I am looking for some help with my Leatherface Costume. So far i have my mask, Apron, shirt, pants, and boots. The two things i am running into problems with are the Leather Arm guards/bands on Leatherface's forearms and his Chainsaw. I just want to say before people start throwing out suggestions that please do not suggest those crappy plastic chainsaws that they sell for like $20. I'm not trying to toot my own horn but i have sank a lot of money, time and patience into this costume to try and make this as acurate to the movie as possible so i'm not gonna cheese it up by cutting corners. I am not so worried about the Chainsaw in all honesty because i can always rent one if need be. My big dilema are these arm bands. I have no idea what they are or what purpose they serve? All i know is that they are a key element.
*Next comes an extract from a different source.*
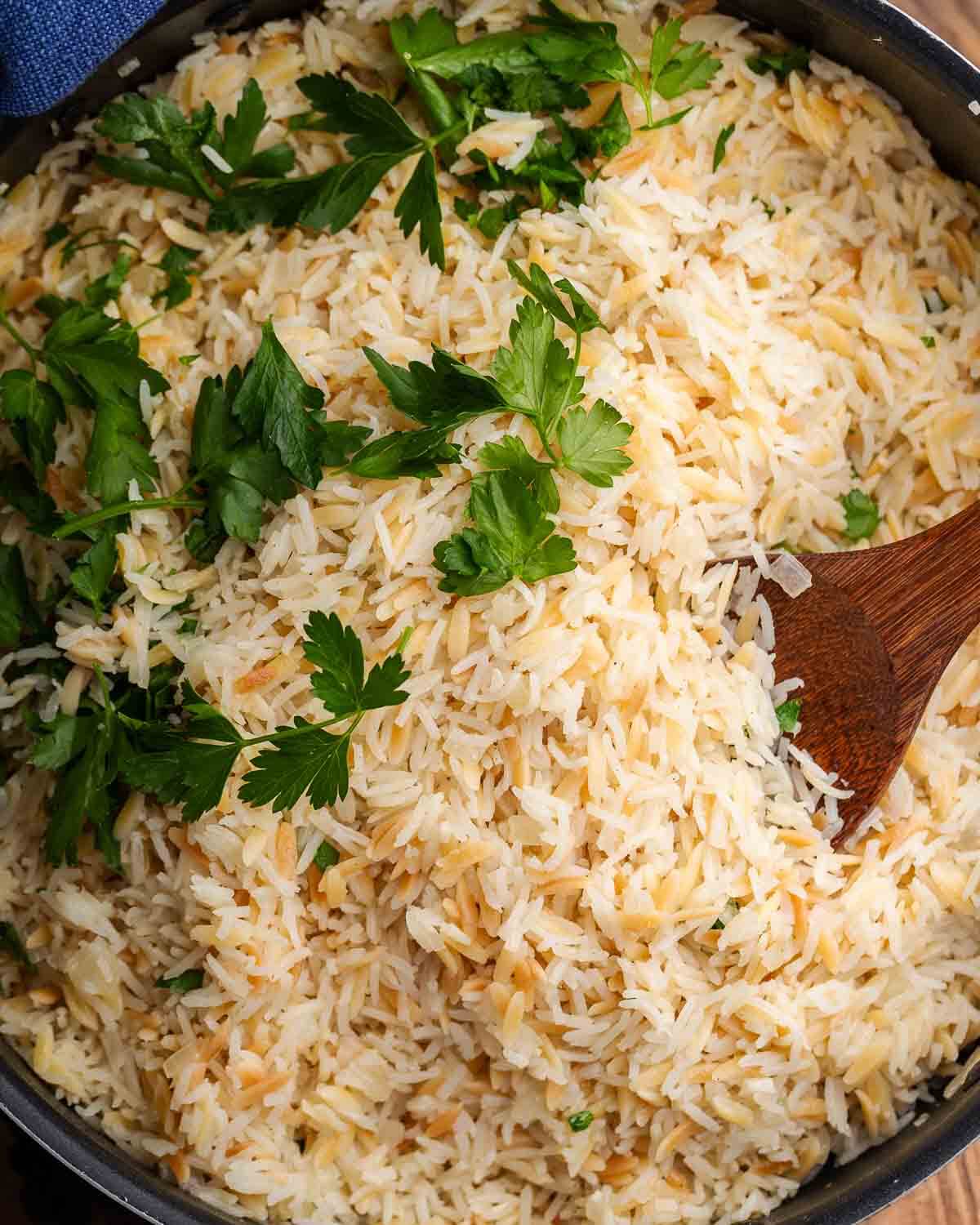 Rice pilaf in black pot with parlsey garnish and walnut spoon.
Well, not a key element but i'd like to have them for the costume. 

Thanks in advance for any and all help,

Nick


----------



## Living DeadGirl (Oct 7, 2009)

I totally get the authenticity thing, I am exactly the same way and spend tons of money on my costumes to make them as legit as possible. As for the chainsaw, I say you have the right idea with renting one. Nothing will even come close to the real thing. Now the arm guards-that's what they look like to me, I found a pic, let me know if this is what you mean. If so, maybe there is something in sporting goods (shin guards? as a prototype.) You can make them out of leather, or better yet naugahyde.

View attachment 7168


----------



## pdcollins6092 (Aug 8, 2009)

Google search arm chaps or chainsaw arm chaps and see if that helps you out some. Also it kinda looks like you might be able to go to your local motercycle shop and get something like them.


----------



## Living DeadGirl (Oct 7, 2009)

Is that what that's called? "Arm chaps", interesting LOL.


----------



## Big Nick (Jan 22, 2009)

thanks for the leads everyone i'll do some searching and let you know what i find.


----------



## Yubney (Sep 14, 2009)

They appear to be custom props probably made from victims. A quick search out of my curiosity didn't find arm chaps anywhere similar. I think your best bet would be to go to a leather craft store, or some such specialty store near you. We had one here once, and I had bought 8th inch tool grade leather. It appears from the photo to be similar.


----------



## Big Nick (Jan 22, 2009)

Yeah i was looking aroundd last night and didn't find anything that looked identical. I'm gonna search for leather stores around my area and see if i can get lucky. 

Thanks


----------



## MADAM (Sep 14, 2009)

You might find a search for leather gauntlets helpful ... perhaps you can modify them to serve your purpose. Good Luck!


----------



## Big Nick (Jan 22, 2009)

thats the closest thing i've seen so far but it does need some modifying. Thanks MADAM.


----------